Brief descriptive captions
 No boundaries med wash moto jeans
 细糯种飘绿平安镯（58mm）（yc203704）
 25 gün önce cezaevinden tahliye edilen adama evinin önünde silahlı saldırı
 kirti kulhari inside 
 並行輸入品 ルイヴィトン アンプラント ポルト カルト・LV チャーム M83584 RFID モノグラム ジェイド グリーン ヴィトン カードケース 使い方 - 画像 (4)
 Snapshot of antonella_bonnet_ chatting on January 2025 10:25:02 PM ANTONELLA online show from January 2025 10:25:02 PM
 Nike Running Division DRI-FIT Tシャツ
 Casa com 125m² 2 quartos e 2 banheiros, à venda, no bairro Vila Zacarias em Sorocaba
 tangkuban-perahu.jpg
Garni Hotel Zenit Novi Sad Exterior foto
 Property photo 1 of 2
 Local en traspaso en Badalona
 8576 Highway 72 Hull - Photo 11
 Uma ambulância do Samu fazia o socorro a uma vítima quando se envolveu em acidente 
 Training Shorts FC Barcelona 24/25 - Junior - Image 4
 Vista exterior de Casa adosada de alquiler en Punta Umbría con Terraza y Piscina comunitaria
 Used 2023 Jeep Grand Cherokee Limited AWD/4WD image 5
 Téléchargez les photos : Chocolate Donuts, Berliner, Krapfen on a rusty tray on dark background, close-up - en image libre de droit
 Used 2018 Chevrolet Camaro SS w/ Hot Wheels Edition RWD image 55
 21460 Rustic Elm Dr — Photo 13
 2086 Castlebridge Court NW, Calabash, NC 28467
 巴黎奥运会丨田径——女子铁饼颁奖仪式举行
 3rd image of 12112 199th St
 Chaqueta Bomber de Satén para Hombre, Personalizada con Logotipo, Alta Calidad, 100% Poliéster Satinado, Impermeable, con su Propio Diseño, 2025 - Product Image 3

AIM OF THE EXERCISE:
In this exercise, reproduce each line above exactly.

RESULT:
 No boundaries med wash moto jeans
 细糯种飘绿平安镯（58mm）（yc203704）
 25 gün önce cezaevinden tahliye edilen adama evinin önünde silahlı saldırı
 kirti kulhari inside 
 並行輸入品 ルイヴィトン アンプラント ポルト カルト・LV チャーム M83584 RFID モノグラム ジェイド グリーン ヴィトン カードケース 使い方 - 画像 (4)
 Snapshot of antonella_bonnet_ chatting on January 2025 10:25:02 PM ANTONELLA online show from January 2025 10:25:02 PM
 Nike Running Division DRI-FIT Tシャツ
 Casa com 125m² 2 quartos e 2 banheiros, à venda, no bairro Vila Zacarias em Sorocaba
 tangkuban-perahu.jpg
Garni Hotel Zenit Novi Sad Exterior foto
 Property photo 1 of 2
 Local en traspaso en Badalona
 8576 Highway 72 Hull - Photo 11
 Uma ambulância do Samu fazia o socorro a uma vítima quando se envolveu em acidente 
 Training Shorts FC Barcelona 24/25 - Junior - Image 4
 Vista exterior de Casa adosada de alquiler en Punta Umbría con Terraza y Piscina comunitaria
 Used 2023 Jeep Grand Cherokee Limited AWD/4WD image 5
 Téléchargez les photos : Chocolate Donuts, Berliner, Krapfen on a rusty tray on dark background, close-up - en image libre de droit
 Used 2018 Chevrolet Camaro SS w/ Hot Wheels Edition RWD image 55
 21460 Rustic Elm Dr — Photo 13
 2086 Castlebridge Court NW, Calabash, NC 28467
 巴黎奥运会丨田径——女子铁饼颁奖仪式举行
 3rd image of 12112 199th St
 Chaqueta Bomber de Satén para Hombre, Personalizada con Logotipo, Alta Calidad, 100% Poliéster Satinado, Impermeable, con su Propio Diseño, 2025 - Product Image 3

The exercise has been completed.